Starting at the line that contains "Antique Children's Rolled" and stopping at the line that contains "Luftschlangen Streamer Konfetti", transcribe every line of the material below exactly; pictures stay out.

* PROVIDED DATA

========================

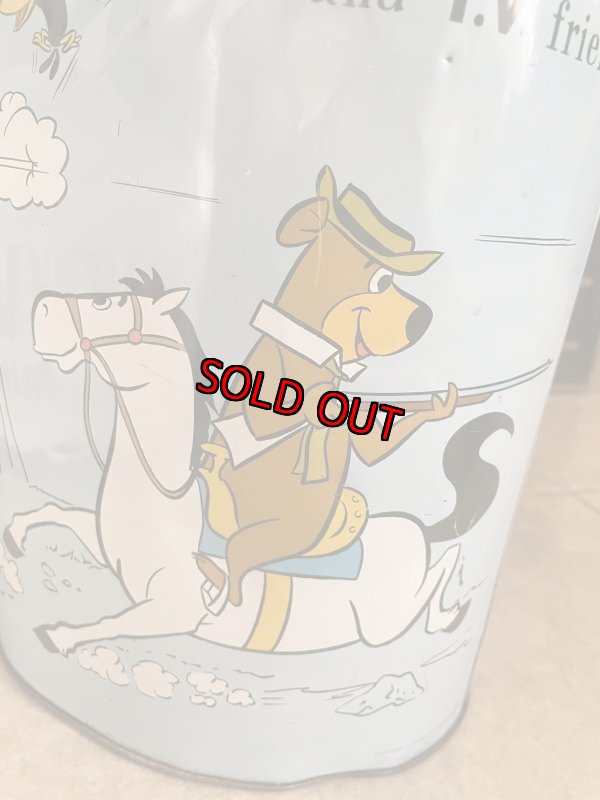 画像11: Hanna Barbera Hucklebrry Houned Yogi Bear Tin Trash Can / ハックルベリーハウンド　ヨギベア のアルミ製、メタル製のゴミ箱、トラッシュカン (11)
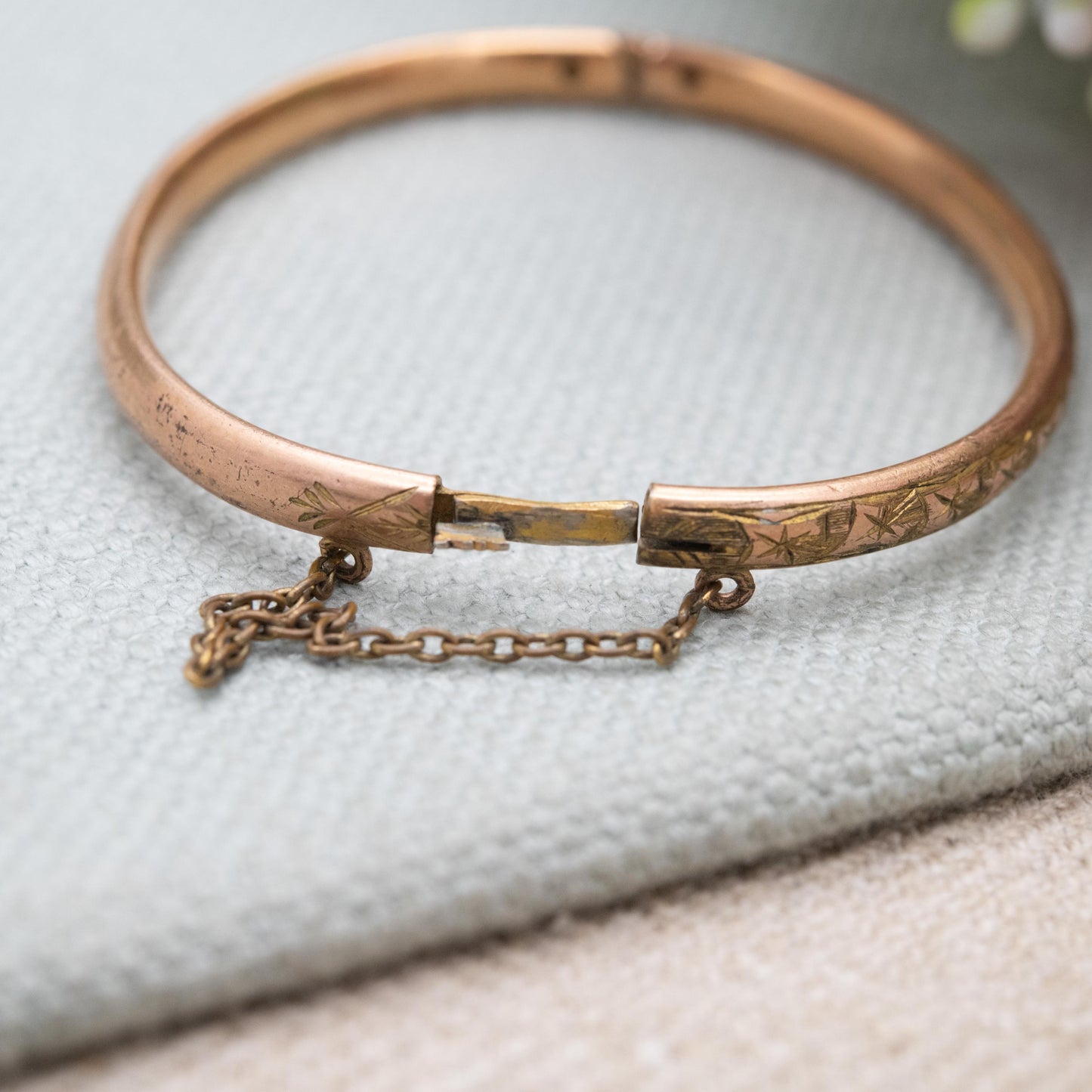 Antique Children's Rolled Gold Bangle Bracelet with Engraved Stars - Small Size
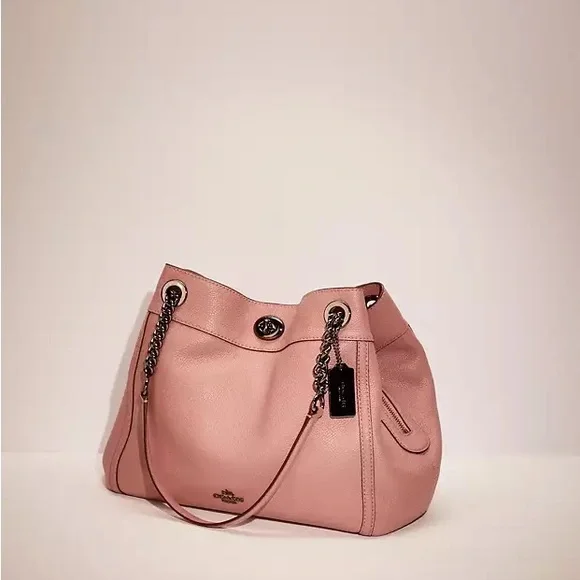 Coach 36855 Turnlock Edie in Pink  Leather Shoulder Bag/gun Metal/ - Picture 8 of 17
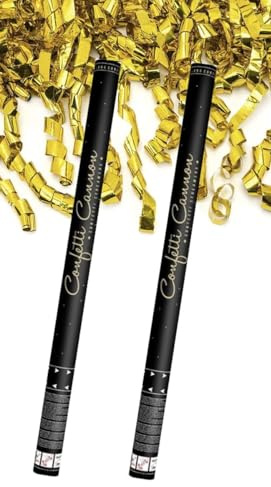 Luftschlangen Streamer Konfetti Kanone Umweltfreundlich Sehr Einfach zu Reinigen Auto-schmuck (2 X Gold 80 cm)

========================

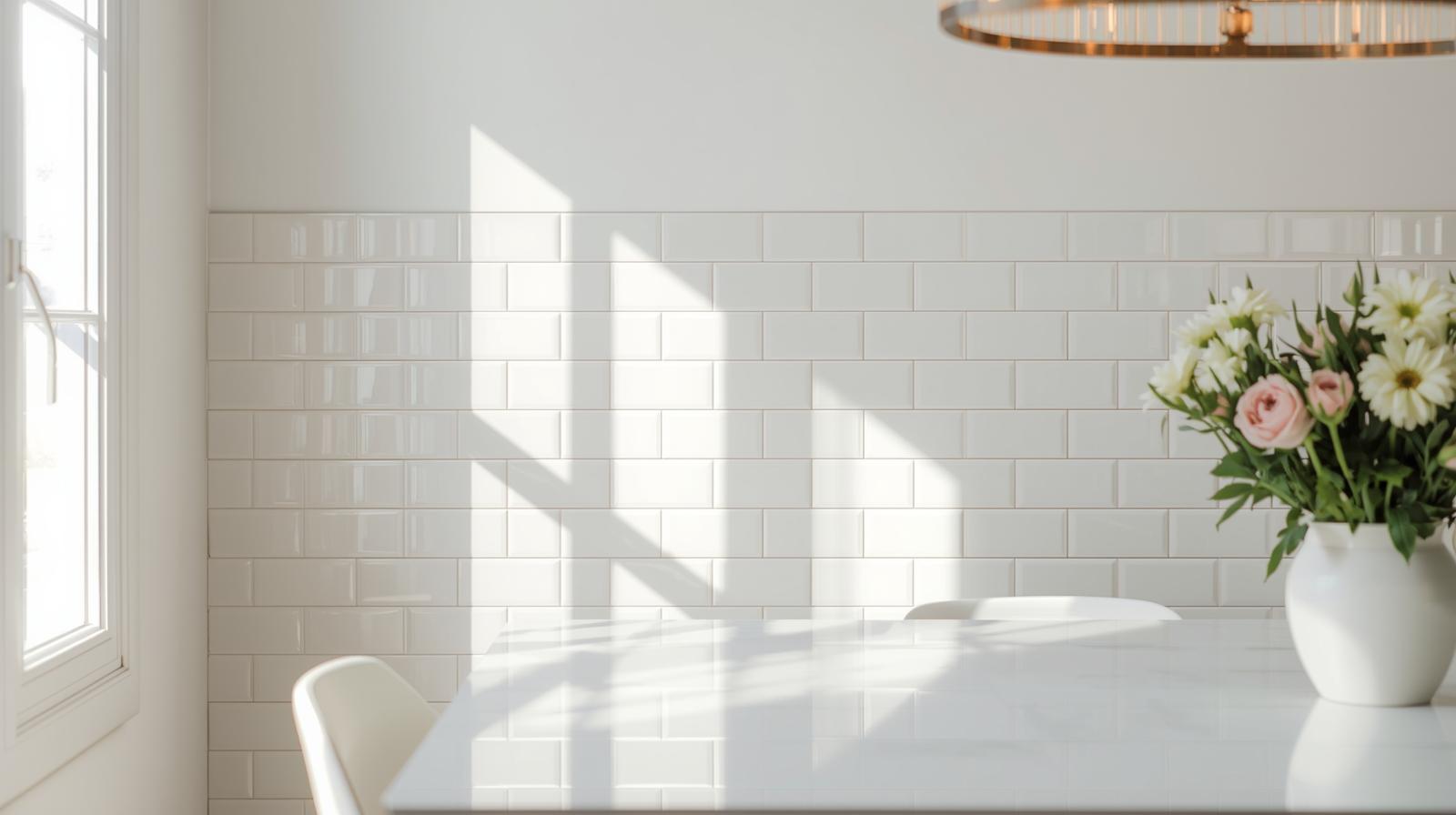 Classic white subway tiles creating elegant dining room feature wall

========================

* YOUR SOLUTION
 Antique Children's Rolled Gold Bangle Bracelet with Engraved Stars - Small Size
 Coach 36855 Turnlock Edie in Pink  Leather Shoulder Bag/gun Metal/ - Picture 8 of 17
 Luftschlangen Streamer Konfetti Kanone Umweltfreundlich Sehr Einfach zu Reinigen Auto-schmuck (2 X Gold 80 cm)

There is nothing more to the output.